Seven hundred metres below the rolling green landscape of Kaiping, southeast China, construction workers are furiously finishing a 35-metre-diameter orb-shaped detector that aims to observe ghostly subatomic particles known as neutrinos in exquisite detail. If all goes to plan, the US$376 million Jiangmen Underground Neutrino Observatory (JUNO) will be ready to start detecting by the end of this year, says JUNO’s on-site manager Yuekun Heng, a physicist at the Chinese Academy of Science’s Institute of High Energy Physics in Beijing.

That will make it the first of several ambitious new neutrino detectors currently being built around the world to go online. Two others — in Japan and the United States — are due to start collecting data in 2027 and 2031.

JUNO’s main goal will be to help researchers determine which type of neutrino has the highest mass and which has the least, one of the biggest mysteries in physics. Solving this problem could help physicists to understand what neutrinos are and why their mass is so small. Researchers at JUNO aim to do this by measuring neutrinos pouring in from two nuclear-power stations located more than 50 kilometres away from the observatory. Another goal is to study neutrinos streaming in from other sources, including the Sun, atmosphere, exploding stars and natural radioactive decay processes within the Earth.

On 7 March, researchers at the observatory started to fill a miniature version of the detector with liquid scintillator — a cocktail of solvent and organic chemicals that emits light when neutrinos zip through it.

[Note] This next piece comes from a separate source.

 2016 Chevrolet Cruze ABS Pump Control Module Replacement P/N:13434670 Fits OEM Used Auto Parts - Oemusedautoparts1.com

This model will test whether the scintillator is pure enough to help researchers to crack the mass-order problem.

JUNO’s approach sets it apart from the other detectors being built. Japan’s planned Hyper-Kamiokande detector will use purified water as its neutrino-detecting medium, whereas the Deep Underground Neutrino Experiment in the United States will rely on liquid argon to measure the elusive particles, says Mary Bishai, a physicist at the Brookhaven National Laboratory in New York and co-spokesperson for the US observatory. Both of these future detectors will measure neutrinos beaming in from nearby particle accelerators rather than nuclear reactors.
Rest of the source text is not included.